Die Zähne der Jungtiere waren der Studie zufolge stärker abgenutzt, was bedeuten könnte, dass sie sich häufiger von Kadavern ernähren mussten und es zu mehr Knochen-Zahnkontakt beim Abnagen des Fleischs von den Knochen kam. Anders bei den Krokodilen, die als nächste lebende Verwandte der Dinosaurier – neben den Vögeln – zum Vergleich herangezogen wurden: Die Zähne junger Krokodile waren weniger abgenutzt, weil sie sich von weicherer Nahrung wie Insekten ernähren.

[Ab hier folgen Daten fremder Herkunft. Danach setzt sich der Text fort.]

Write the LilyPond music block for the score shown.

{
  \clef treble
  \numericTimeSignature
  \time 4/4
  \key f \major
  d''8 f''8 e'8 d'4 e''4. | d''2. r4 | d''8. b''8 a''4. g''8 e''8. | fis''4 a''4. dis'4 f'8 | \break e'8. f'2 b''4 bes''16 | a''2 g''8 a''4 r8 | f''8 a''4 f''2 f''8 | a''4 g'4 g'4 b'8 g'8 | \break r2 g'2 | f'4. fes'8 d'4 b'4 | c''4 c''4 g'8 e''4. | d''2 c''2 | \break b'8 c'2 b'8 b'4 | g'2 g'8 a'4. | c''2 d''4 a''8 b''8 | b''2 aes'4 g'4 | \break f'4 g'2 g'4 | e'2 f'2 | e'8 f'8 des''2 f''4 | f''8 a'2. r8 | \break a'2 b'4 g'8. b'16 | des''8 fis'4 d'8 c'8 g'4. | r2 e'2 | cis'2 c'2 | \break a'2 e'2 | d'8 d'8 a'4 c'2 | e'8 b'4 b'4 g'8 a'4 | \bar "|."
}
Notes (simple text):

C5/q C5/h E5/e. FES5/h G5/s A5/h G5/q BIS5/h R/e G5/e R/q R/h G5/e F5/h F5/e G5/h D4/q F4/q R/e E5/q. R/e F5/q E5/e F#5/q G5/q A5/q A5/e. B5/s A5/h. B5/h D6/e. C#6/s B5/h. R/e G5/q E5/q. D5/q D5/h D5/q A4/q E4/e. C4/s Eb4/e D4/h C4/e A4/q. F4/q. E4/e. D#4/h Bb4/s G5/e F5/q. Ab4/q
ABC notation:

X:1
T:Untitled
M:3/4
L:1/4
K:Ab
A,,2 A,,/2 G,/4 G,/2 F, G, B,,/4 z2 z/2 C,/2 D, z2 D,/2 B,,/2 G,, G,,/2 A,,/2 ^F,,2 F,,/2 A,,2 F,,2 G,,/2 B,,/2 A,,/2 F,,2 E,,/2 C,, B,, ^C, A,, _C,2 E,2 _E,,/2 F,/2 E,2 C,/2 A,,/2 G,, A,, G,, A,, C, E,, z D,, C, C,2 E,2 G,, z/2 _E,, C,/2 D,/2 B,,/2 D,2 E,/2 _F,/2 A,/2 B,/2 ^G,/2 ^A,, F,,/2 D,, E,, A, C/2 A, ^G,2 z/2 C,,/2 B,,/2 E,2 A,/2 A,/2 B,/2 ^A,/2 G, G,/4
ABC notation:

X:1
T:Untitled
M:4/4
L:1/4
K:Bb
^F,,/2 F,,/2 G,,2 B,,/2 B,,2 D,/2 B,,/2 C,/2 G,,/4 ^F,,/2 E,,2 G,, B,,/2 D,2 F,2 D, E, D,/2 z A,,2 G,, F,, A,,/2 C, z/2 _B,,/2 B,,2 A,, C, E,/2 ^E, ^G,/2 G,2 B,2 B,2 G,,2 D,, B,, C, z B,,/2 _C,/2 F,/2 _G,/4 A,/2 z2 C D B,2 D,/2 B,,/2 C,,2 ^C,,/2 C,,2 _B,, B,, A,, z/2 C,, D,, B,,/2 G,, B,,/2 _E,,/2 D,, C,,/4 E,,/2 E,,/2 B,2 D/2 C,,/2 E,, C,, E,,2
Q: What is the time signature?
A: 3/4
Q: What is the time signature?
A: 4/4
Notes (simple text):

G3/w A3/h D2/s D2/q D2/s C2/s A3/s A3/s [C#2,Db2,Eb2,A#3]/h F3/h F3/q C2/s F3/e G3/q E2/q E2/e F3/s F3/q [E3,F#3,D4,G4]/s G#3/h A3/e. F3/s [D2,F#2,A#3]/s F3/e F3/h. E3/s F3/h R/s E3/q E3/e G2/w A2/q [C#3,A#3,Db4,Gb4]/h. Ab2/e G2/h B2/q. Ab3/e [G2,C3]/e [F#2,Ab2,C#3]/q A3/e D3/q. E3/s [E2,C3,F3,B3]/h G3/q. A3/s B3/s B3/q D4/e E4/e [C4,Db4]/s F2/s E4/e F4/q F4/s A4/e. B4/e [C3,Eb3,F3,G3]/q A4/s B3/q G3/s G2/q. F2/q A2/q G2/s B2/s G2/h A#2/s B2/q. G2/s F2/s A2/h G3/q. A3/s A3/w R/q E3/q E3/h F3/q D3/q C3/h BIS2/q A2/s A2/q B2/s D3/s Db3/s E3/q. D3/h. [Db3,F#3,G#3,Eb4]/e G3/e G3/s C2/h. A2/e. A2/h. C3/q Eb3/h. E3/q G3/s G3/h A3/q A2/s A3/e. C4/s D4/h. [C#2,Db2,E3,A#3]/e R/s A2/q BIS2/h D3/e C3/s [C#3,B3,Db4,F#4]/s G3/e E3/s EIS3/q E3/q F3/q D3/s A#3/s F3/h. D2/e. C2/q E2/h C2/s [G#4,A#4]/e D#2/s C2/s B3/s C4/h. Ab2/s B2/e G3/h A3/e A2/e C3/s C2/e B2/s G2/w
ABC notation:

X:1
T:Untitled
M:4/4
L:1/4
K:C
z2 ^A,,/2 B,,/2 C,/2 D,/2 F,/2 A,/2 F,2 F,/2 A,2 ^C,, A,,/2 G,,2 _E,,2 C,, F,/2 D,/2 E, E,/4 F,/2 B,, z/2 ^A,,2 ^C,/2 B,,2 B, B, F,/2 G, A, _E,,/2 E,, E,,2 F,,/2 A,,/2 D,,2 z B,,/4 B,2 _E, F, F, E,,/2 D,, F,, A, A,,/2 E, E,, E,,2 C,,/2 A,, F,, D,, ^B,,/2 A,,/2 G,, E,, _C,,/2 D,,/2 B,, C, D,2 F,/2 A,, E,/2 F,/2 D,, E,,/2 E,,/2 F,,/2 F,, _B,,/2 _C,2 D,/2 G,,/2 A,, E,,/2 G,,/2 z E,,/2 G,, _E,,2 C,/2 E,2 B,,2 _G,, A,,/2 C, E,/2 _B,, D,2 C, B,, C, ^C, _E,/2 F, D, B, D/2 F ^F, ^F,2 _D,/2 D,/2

Die Studie zeigt, dass die DMTA als Analysemethode dazu beitragen kann, die Dinosaurier selbst und ihre Ernährungsweise sowie auch die Umwelt, in der sie lebten, besser zu verstehen. Die Ergebnisse könnten nach Einschätzung von Prof. Dr. Thomas Tütken in Zukunft mit geochemischen Indikatoren kombiniert werden, um die Nahrungsökologie der Dinosaurier noch genauer zu erforschen.